# Summary of Statistical Arbitrage in the US Equities Market (2008) by Avellaneda and Lee
This notebook summarizes the paper Statistical Arbitrage in the US Equities Market by Avellaneda and Lee, deriving key equations, clarifying omitted intuitions, and highlighting potential ambiguities.

## A. Introduction
Statistical arbitrage focuses on the idiosyncratic part of the returns in the equation:
$$R_i = \sum_{j=1}^m \beta_{ij} F_j + \tilde R_i$$
where
- $R_i$ is the return of asset $i$,
- $\beta_{ij}$ is the sensitivity of asset $i$ to factor $j$,
- $F_j$ is the return of factor $j$, and
- $\tilde R_i$ is the idiosyncratic return of asset $i$.

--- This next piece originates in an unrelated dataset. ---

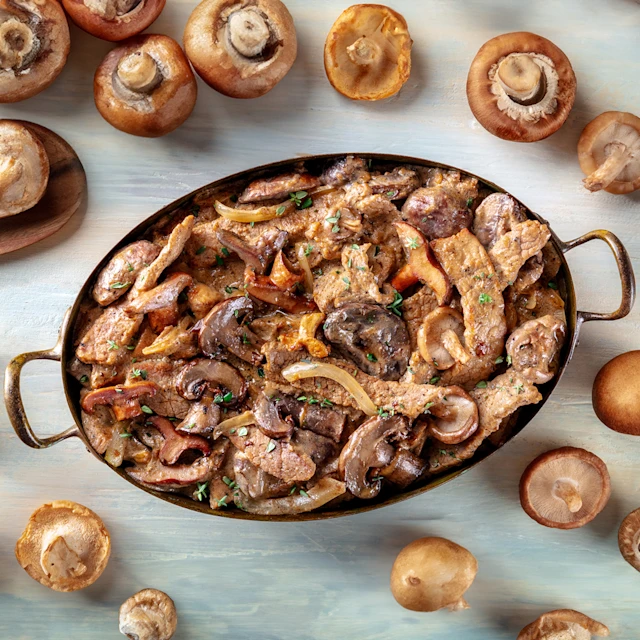 Aerial view of Beef Stroganoff in pot surrounded by mushrooms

A trading portfolio is **factor-j-neutral** if it has no net exposure to the factor $j$, i.e., the sum of the factor $j$ sensitivities is zero:
$$ \bar{\beta}_j = \sum_{i=1}^N \beta_{ij} Q_i = 0$$
where
- $\bar{\beta}_j$ is the portfolio beta to factor $j$,
- $Q_i$ is the dollar amount invested in asset $i$.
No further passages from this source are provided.